Cisco Systems' Home Networking Business Unit will keep both its Linksys brand and its place in the parent company as Cisco pares down its business, but the unit is also sharpening its focus.
Linksys has stopped making devices that connect to networks and is strictly focused on the networks themselves, said Brett Wingo, general manager of the business unit, in an interview last week. Like Cisco itself, which discontinued the Flip video camera and the Umi consumer telepresence product earlier this year, the home networking unit is going back to what it's best known for: wireless routers.
However, those routers are taking on a larger role at the center of consumers' use of multimedia, particularly video, Wingo said. Users want to watch video from a variety of sources and on many different devices, but many home networks can't effectively link all those components, he said.

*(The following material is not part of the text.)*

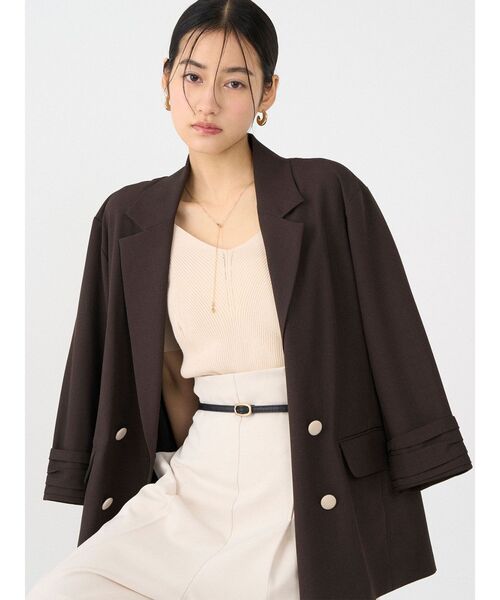 LAGUNAMOON（ラグナムーン）の「ラリエットニットプルオーバー（ニット/セーター・レディース・ライトブルー/ブラウン/ベージュ・FREE）」の10枚目の写真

"What consumers want is, they want this problem solved," Wingo said.
Linksys routers are designed to deliver the best quality possible by detecting all the devices connected to a home wireless network, determining what their capabilities are for playing different types of content, and making sure the network is secure. The routers also can tell where the wireless signal is strong enough to deliver what's desired, Wingo said.
But Cisco wants those routers to take on an even bigger role, serving as the main meeting place between the home network and the Internet or service-provider network. Rather than have carrier gateway boxes, Internet-connected thermostats, smart TVs and other devices all linking to the outside world on their own, consumers can have one box that handles many connectivity functions.

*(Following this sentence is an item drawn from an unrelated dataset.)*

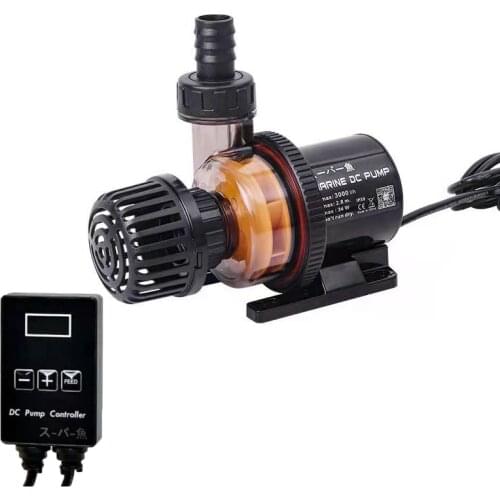 Submersible Water Pump with Controller Silent Swirl DC Aquarium Pump Powerful Return Pump For Salt/Freshwater Fish Tank Ponds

Routers are "sitting idle and not doing things a lot of the time, and you can have them do more and you can run more services on them," Wingo said. "The hardware that's capable of moving video around the house or displaying software onto a screen ... those types of things can be done in the router in a lot of cases."
Through industry standards, Cisco plans to make its routers into hubs for devices from all vendors, so consumers aren't locked into just buying Linksys, he said.

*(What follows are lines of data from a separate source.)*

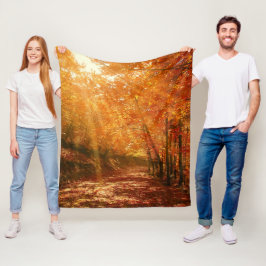 Schöner Herbst Fleecedecke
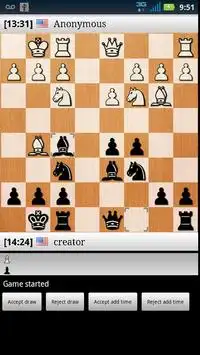 Шахматы Нексус Онлайн Screen Shot 0
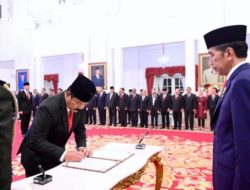 Presiden RI Joko Widodo Lantik Hadi Tjahjanto Sebagai Menko Polhukam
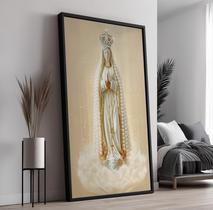 Quadro Decorativo com Moldura Caixa Nossa Senhora Estatua para parede Sala, Quarto e Escritório Quadro Decorativo com Moldura Caixa Nossa Senhora Estatua para parede Sala, Quarto e Escritório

Cisco has a strong faith in IEEE 802.11n wireless to deliver video around a home. In fact, it expects wireless to win out over all other types of home networks, partly because so many consumer electronics devices are equipped with wireless technologies. However, Linksys routers do include provisions for incorporating wired technologies such as powerline and coaxial cable.
What allows Cisco to become the center of home networks is the company's expertise in video across service provider, enterprise and home networks, Wingo said. The engineering teams at Linksys and Cisco's enterprise businesses now pass ideas back and forth, he said. It brings intelligence from that experience into the software in Linksys wireless routers, which are more than just routers or access points but video processing devices that can do part of the work of delivering video appropriately to TVs, tablets and other devices, Wingo said.
Some of these intelligent routers will be delivered and managed by service providers. But part of Cisco's strategy involves changing the way consumers buy home networking gear in stores. Routers and other gear are often sold on price, and consumers end up with networks and consumer electronics that don't work well together, Wingo said. The problems can be complex, involving wireless bandwidth, processor performance and broadband speed, but failures often just end in frustration.
Cisco thinks it can solve consumers' problems in one trip to the store and simultaneously rise above the price wars. It won't do this by building the Linksys or Cisco equivalent of Apple stores, but will instead train sales staff at retailers such as Best Buy, Wingo said. Sales representatives should start asking about a shopper's home network as soon as they start shopping for anything that might need the network, such as a game console, he said.
It shouldn't be too hard for Cisco to make its Linksys routers into the central device in a home network, even with multiple vendors' equipment, said Parks Associates analyst Kurt Scherf. But the key to doing so will be selling them as gateways through service providers, he said.
"Consumers are much more happy to allow their service providers to be the IT manager," Scherf said. "You will still buy products off the shelf and connect them to a home network, but gateways will be doing the managing and monitoring."
Scherf applauded Cisco's strategy of helping train retailers to sell networks and networked products, which he said was a key to the success of Linksys before it was acquired by Cisco in 2003.
But he wasn't so quick to dismiss wired networks in homes, citing the wide variety of types of homes and infrastructure around the world. "I don't think you can say that one networking technology is going to win," Scherf said.